__Provided material__.
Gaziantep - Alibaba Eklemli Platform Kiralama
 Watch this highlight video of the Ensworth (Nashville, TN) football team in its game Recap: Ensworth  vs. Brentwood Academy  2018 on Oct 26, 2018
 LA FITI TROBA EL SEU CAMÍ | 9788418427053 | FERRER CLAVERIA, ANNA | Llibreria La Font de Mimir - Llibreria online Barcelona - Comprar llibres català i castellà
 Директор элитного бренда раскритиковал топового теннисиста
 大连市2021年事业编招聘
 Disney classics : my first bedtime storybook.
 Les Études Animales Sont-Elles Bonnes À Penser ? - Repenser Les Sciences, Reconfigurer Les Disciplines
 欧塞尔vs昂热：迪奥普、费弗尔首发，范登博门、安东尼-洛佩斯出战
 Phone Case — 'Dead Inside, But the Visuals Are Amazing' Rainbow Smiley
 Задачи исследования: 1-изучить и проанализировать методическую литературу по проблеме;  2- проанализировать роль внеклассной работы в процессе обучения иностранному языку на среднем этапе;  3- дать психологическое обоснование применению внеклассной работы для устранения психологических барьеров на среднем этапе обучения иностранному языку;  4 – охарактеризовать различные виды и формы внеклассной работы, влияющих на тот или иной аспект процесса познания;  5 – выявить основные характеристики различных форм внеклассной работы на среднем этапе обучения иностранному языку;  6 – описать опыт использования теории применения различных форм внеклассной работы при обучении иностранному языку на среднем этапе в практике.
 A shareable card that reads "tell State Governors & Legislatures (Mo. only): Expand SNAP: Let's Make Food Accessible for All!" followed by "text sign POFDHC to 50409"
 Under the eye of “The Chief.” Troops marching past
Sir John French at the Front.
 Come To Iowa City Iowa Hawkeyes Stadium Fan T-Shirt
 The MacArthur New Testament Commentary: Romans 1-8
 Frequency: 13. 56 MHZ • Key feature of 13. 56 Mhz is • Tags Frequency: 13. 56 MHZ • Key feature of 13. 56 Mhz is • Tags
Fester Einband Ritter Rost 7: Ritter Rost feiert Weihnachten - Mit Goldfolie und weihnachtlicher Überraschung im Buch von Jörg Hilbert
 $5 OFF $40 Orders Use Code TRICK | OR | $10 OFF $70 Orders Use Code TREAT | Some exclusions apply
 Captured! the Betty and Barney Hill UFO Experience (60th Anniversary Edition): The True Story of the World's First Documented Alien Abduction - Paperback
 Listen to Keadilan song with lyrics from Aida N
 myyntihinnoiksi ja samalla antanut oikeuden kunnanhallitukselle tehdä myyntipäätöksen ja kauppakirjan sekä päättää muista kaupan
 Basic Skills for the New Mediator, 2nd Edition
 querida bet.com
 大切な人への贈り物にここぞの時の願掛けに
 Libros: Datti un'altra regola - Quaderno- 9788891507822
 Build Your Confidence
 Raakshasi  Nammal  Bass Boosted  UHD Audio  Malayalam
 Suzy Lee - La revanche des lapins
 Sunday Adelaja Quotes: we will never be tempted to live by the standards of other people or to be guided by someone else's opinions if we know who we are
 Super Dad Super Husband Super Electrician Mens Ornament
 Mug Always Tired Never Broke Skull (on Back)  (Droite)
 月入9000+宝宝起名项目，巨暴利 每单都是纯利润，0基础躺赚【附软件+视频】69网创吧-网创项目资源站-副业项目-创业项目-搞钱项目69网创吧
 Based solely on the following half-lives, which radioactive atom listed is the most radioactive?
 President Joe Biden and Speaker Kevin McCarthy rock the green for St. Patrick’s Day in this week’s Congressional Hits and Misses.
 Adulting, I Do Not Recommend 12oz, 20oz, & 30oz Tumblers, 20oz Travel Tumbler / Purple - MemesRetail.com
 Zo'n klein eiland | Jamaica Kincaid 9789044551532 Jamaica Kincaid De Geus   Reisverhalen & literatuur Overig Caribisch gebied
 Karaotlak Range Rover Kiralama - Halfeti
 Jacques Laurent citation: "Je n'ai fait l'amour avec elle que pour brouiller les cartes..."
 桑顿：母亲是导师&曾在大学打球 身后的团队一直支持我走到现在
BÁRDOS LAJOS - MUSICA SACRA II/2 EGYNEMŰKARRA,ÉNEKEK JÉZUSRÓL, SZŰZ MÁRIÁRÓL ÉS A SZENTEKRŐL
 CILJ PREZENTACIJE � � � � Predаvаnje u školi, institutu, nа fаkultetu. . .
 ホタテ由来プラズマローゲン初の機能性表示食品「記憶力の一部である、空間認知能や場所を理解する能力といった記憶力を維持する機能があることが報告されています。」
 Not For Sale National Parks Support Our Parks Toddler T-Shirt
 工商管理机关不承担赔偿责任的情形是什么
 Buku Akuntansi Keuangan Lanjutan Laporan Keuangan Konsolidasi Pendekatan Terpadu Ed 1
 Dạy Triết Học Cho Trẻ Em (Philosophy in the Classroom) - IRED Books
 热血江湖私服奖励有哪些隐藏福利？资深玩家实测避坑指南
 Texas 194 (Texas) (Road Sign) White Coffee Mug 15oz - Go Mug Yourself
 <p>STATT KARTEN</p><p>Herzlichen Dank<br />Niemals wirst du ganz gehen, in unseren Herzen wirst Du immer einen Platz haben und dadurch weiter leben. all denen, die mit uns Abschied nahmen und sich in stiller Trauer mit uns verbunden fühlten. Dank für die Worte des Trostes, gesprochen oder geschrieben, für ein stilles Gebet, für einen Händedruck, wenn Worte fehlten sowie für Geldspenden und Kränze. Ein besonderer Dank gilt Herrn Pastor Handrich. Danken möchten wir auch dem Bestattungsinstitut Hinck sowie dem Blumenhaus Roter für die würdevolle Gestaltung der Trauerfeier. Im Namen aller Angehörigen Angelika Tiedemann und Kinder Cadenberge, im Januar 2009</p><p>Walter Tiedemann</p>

__Exercise__.
Find all the lines with "Edition" in the data and copy them.

__Exercise output__.
 Captured! the Betty and Barney Hill UFO Experience (60th Anniversary Edition): The True Story of the World's First Documented Alien Abduction - Paperback
 Basic Skills for the New Mediator, 2nd Edition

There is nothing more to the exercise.